(Available data begins)

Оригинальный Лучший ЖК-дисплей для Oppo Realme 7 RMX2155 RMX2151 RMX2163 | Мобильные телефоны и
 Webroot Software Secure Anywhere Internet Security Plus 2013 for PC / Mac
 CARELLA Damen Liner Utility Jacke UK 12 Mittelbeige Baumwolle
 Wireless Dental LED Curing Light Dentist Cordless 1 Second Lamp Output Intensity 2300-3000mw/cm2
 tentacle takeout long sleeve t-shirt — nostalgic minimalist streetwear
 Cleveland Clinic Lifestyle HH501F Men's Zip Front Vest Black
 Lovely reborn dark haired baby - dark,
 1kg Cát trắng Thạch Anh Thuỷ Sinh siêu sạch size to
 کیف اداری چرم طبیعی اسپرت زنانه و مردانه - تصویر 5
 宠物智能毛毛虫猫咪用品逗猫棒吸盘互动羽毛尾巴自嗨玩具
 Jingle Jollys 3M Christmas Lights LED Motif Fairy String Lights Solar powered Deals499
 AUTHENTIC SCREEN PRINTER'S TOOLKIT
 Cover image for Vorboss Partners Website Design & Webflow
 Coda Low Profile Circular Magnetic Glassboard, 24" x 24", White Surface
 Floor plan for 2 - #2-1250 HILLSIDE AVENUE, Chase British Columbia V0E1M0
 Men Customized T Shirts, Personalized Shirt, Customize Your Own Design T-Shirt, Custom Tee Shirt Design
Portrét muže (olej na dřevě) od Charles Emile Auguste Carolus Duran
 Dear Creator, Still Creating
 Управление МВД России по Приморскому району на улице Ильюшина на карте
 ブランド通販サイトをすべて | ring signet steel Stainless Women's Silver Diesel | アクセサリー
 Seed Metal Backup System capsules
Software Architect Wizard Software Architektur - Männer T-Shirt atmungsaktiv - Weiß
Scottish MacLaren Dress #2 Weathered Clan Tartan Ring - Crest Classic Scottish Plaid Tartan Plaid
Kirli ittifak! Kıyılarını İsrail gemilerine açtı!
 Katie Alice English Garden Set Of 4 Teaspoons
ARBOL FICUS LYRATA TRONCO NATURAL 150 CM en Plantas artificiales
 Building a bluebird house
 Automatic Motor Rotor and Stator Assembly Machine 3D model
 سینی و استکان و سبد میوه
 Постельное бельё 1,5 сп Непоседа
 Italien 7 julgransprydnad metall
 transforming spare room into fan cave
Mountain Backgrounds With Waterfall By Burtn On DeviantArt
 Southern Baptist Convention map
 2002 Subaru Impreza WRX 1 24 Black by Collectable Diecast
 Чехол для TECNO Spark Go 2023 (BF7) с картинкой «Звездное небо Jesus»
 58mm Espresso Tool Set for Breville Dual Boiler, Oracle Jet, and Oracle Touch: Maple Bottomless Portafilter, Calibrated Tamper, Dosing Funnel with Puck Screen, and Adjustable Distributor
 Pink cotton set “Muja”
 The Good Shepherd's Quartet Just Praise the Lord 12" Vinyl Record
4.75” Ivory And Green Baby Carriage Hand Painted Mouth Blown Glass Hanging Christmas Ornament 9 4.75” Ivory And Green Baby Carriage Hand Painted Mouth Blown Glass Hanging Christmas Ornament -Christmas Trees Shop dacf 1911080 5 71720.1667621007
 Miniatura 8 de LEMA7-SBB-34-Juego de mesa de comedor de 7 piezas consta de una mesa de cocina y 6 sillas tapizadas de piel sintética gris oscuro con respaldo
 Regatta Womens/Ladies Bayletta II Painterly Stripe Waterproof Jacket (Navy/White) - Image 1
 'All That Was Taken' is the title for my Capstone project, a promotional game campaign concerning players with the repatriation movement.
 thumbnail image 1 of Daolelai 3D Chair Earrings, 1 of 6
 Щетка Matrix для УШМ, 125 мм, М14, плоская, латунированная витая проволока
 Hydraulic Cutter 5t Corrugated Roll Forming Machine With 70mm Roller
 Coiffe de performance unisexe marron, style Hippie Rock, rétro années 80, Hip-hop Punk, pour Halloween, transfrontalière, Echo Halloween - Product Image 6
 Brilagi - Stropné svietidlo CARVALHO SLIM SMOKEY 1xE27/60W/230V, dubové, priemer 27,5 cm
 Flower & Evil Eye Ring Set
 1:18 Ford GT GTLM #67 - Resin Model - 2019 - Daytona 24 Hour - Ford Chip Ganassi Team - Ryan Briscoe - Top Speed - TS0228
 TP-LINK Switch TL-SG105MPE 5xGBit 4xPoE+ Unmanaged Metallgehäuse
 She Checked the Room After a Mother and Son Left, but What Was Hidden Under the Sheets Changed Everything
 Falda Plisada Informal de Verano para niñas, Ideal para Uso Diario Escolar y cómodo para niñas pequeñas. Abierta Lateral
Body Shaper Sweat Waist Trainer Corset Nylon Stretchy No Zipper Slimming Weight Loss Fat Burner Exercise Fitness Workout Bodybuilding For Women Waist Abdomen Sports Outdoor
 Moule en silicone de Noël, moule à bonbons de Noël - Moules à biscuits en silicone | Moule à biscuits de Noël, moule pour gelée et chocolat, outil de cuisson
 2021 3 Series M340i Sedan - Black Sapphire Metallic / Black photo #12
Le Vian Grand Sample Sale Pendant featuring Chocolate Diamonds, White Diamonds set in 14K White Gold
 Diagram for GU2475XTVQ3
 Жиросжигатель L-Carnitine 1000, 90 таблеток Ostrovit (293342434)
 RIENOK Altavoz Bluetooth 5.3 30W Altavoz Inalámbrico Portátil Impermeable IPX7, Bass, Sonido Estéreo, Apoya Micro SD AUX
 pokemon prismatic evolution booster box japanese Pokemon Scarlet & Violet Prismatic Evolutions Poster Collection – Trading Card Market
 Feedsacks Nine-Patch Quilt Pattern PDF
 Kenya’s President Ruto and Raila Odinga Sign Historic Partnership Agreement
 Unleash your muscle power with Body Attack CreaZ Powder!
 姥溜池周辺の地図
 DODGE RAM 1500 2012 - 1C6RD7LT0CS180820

(Available data ends)

= What to do =
Your answer should be the lines above, from the line containing "Falda Plisada Informal" up to and including the line containing "Жиросжигатель L-Carnitine 1000, 90", reproduced exactly and with nothing else.

= Task result =
 Falda Plisada Informal de Verano para niñas, Ideal para Uso Diario Escolar y cómodo para niñas pequeñas. Abierta Lateral
Body Shaper Sweat Waist Trainer Corset Nylon Stretchy No Zipper Slimming Weight Loss Fat Burner Exercise Fitness Workout Bodybuilding For Women Waist Abdomen Sports Outdoor
 Moule en silicone de Noël, moule à bonbons de Noël - Moules à biscuits en silicone | Moule à biscuits de Noël, moule pour gelée et chocolat, outil de cuisson
 2021 3 Series M340i Sedan - Black Sapphire Metallic / Black photo #12
Le Vian Grand Sample Sale Pendant featuring Chocolate Diamonds, White Diamonds set in 14K White Gold
 Diagram for GU2475XTVQ3
 Жиросжигатель L-Carnitine 1000, 90 таблеток Ostrovit (293342434)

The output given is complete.